Invest alongside an iconic Canadian investor at a steep discount
Consider Fairfax Financial Holdings (TSX:FFH). The company is run by the legendary investor Prem Watsa, who’s known for his incredible patience and the boldness (and unorthodox nature) of his bets. Fairfax is technically and insurer and holding company like Berkshire Hathaway. Prem Watsa is also known as Canada’s Warren Buffett for his talents. However, I view Fairfax more of Watsa’s hedge because of the past use of exotic investment instruments and hedges.
Watsa has a knack for spotting macroeconomic trends, and he’s not afraid to bet big on what he believes in. The man saw trouble leading up to the Great Financial Crisis, he hedged his bets, and as a result, Fairfax was one of few firms that were green in what was a sea of red.

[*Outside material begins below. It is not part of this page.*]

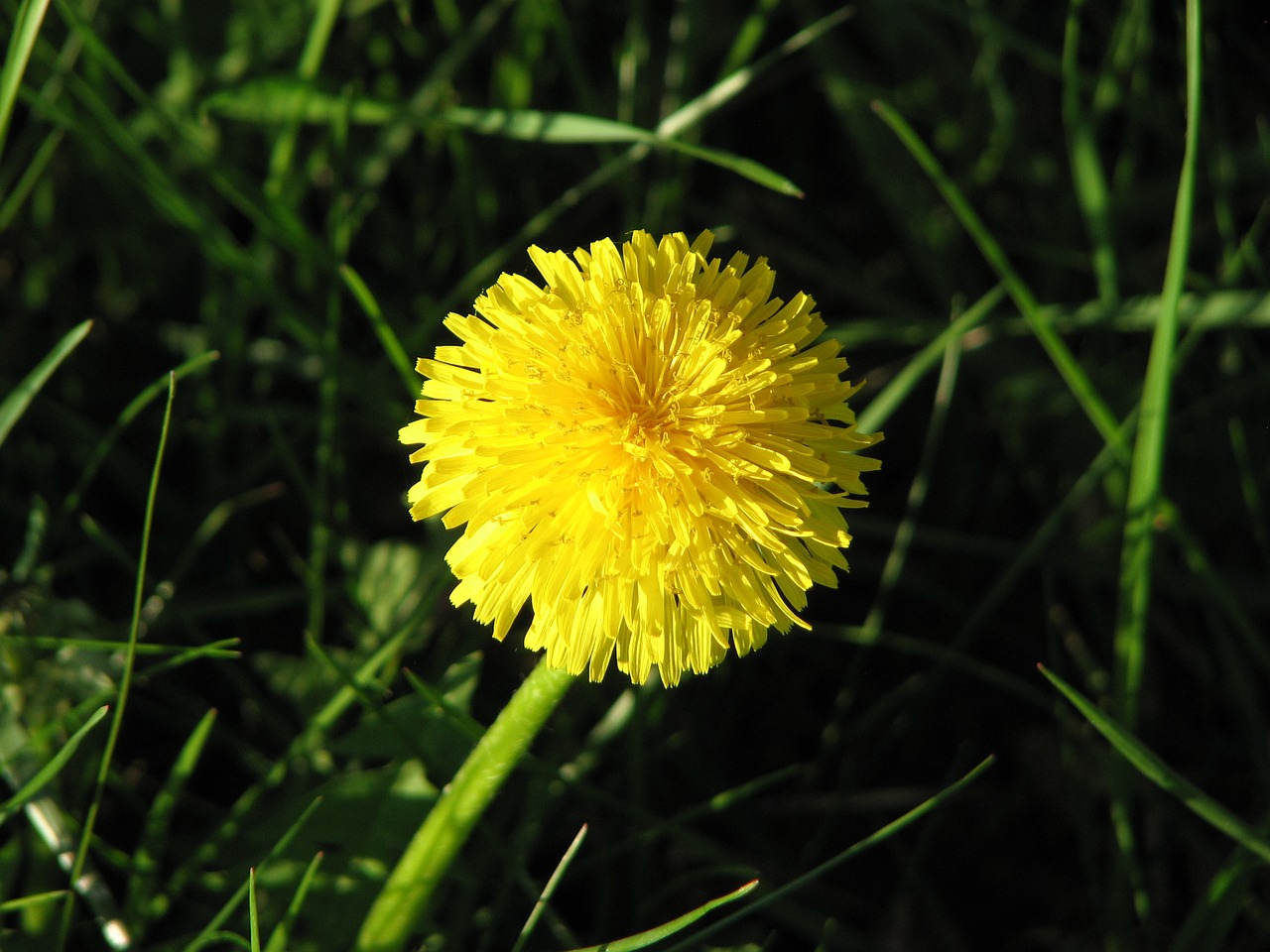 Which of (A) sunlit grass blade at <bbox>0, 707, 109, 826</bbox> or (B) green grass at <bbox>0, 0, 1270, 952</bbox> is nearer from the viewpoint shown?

Despite Watsa’s past successes, of late, Fairfax has been severely underperforming — so much so such that the stock plummeted to lows not seen in over a decade amid the February-March sell-off. Fairfax stock has since bounced back modestly, but the stock is still close to the cheapest it’s been in recent memory, providing contrarians with a rare opportunity to bet on Watsa’s comeback at a bargain-basement multiple.
Sure, Fairfax is in a massive slump. But there are signs that things are on the mend. Fairfax’s underwriting track record has shown signs of improvement. If you’re a believer in Watsa and think he can outperform the markets over the long haul, I find few reasons not to back up the truck on shares at today’s depressed levels.
Just how cheap are shares of Fairfax?
At the time of writing, Fairfax stock trades at a 30% discount to book value.
Fellow Fool contributor Ryan Vanzo views Fairfax as a “rare long-term winners priced at a short-term discount,” and I think he’s right on the money. Despite the recent decade of vast underperformance, Vanzo highlights the fact that Fairfax is an outperformer in the grander scheme of things: “Since 1986, shares have risen by 15% annually. You could have become a TFSA millionaire by investing a few thousand dollars.”
I’m not so sure you could become a millionaire by investing just a few thousand in Fairfax, even under the assumption that Watsa gets back to his market-beating ways. But regardless, if you’re like Warren Buffett or Prem Watsa and are looking for excess risk-adjusted returns over the extremely long term, Fairfax is a generational buy while it’s down and out amid this pandemic-plagued market.